--- START ---
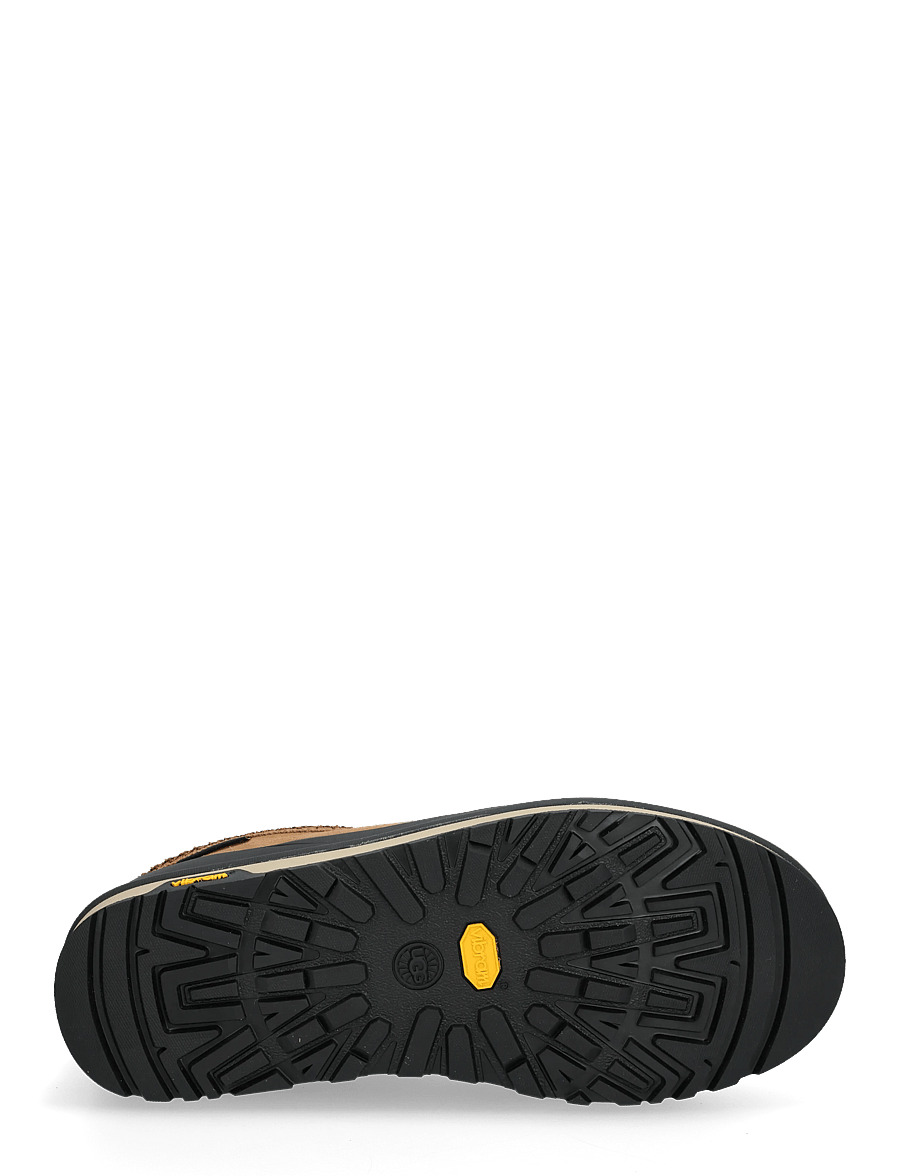 UGG - M Tasman Guard GTX - winter boots - chestnut - 4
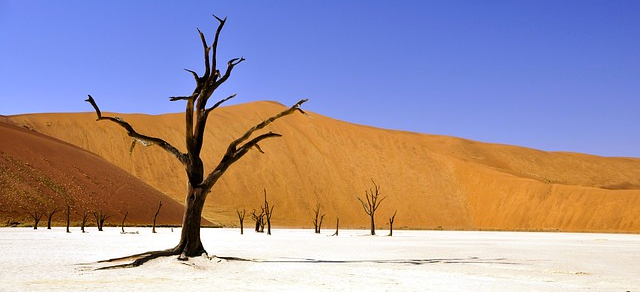 desert tree barren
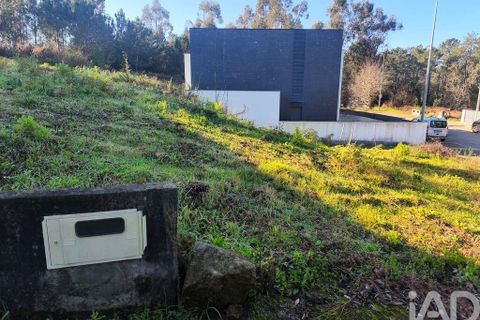 Terra a Esposende, Braga, Esposende - € 57.000 | Ref: 778821 - foto 6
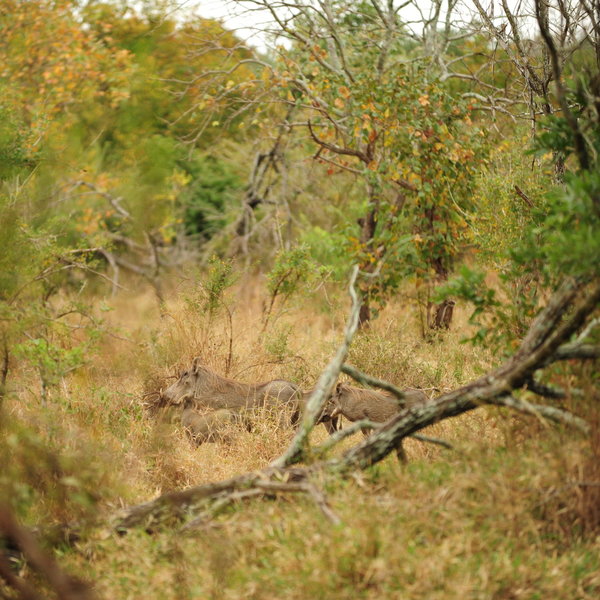 with wildlife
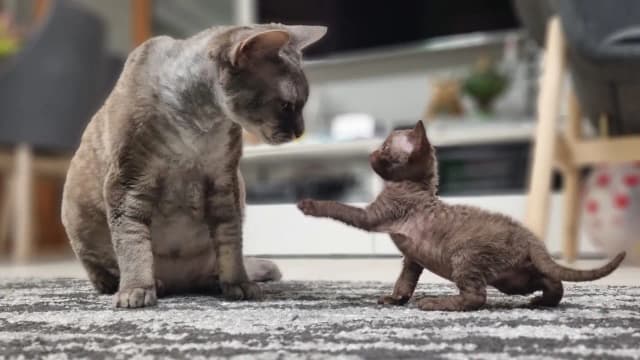 Hodowla Devon Rex w Mazowieckiem - znajdź idealnego kociaka Hodowla Devon Rex w Mazowieckiem - znajdź idealnego kociaka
--- END ---
◆ Prompt: The records above should be written out in full and unchanged, except that pictures are dropped.

◆ Result of the exercise:
 UGG - M Tasman Guard GTX - winter boots - chestnut - 4
 desert tree barren
 Terra a Esposende, Braga, Esposende - € 57.000 | Ref: 778821 - foto 6
 with wildlife
 Hodowla Devon Rex w Mazowieckiem - znajdź idealnego kociaka Hodowla Devon Rex w Mazowieckiem - znajdź idealnego kociaka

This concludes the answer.